Most of the focus, though, was on Ohio, which also held congressional primaries. It’s traditionally a battleground state that has shifted to more consistently Republican in recent cycles. Trump won it by a high eight percentage points in 2016, after Barack Obama, with Biden as his running mate, carried the state twice.

Jen Miller, the head of the League of Women Voters in Ohio, said it would be impossible to know how many people stayed home because they didn’t get a ballot in time.

“We’ve had people waiting weeks and weeks,” Miller said.

Meanwhile, Ohio’s early voting began Feb. 19, meaning Sanders was in a position to still pick up some of its delegates; despite no longer technically being in the race. The senator has reminded his supporters that his name will be on the ballot in all upcoming races and urged them to vote for him so he can amass delegates and better shape the Democratic Party platform at its national convention in Milwaukee.

But Sanders has endorsed Biden, and a group of his top advisers announced Tuesday that they were forming an outside political committee to promote the former vice president and progressive values. The party’s convention has already been delayed from June until August and may yet be further marred by the virus.

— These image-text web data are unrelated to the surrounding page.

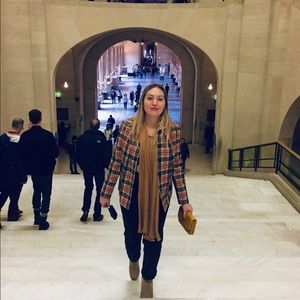 Meet your Posher, Emily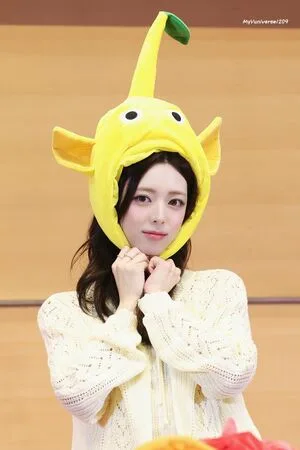 Itzy All In Us OnlyFans Leaked Free Thumbnail Picture - #mPlDzITYcD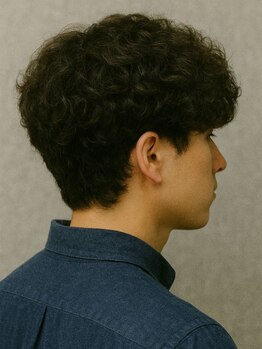 ビースト ヘア(BEAST HAIR)の写真/メンズが得意なオーナーがカットやパーマなど、“あなたに似合う”スタイルをご提案！トレンドもお任せ◎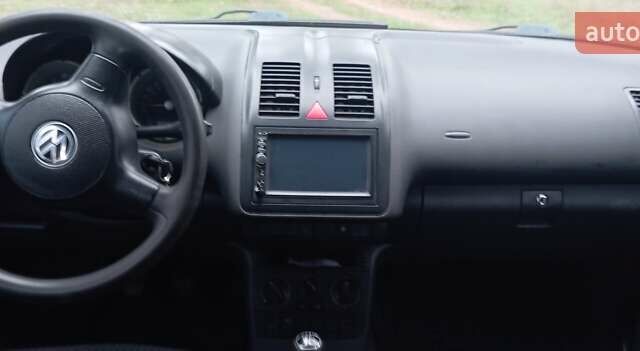 Красный Фольксваген Поло, объемом двигателя 1.4 л и пробегом 277 тыс. км за 3800 $, фото 22 на Automoto.ua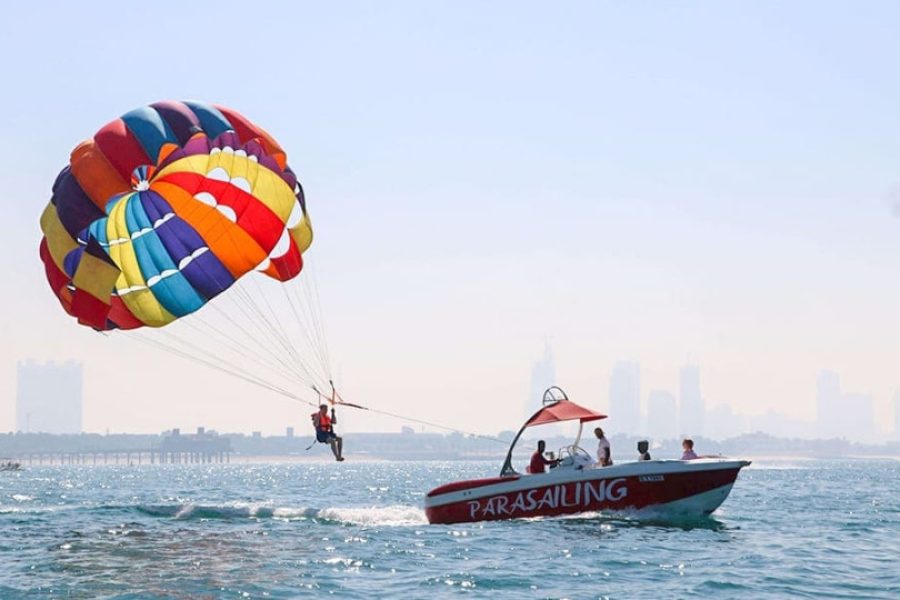 Parasailing Tour – Private Transfers (Single 15 Minutes)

Blackwell, the former Ohio election chief, said he didn’t see Tuesday’s results setting a precedent. He said the state’s in-person voting—run by 88 bipartisan county election boards and offering a wide, 30-day early voting window—lends “a degree of almost guaranteed legitimacy” that’s missing from mail-in balloting.

“My opinion going forward is that no serious thought should be given to converting to mail-in balloting for the November election,” Blackwell said. “You lick an envelope and mail in a ballot, there are all kinds of evidence that would suggest that there would be ballots lost, and because you’ve taken out the bipartisan oversight at the basic community level, you lose a degree of almost guaranteed legitimacy.”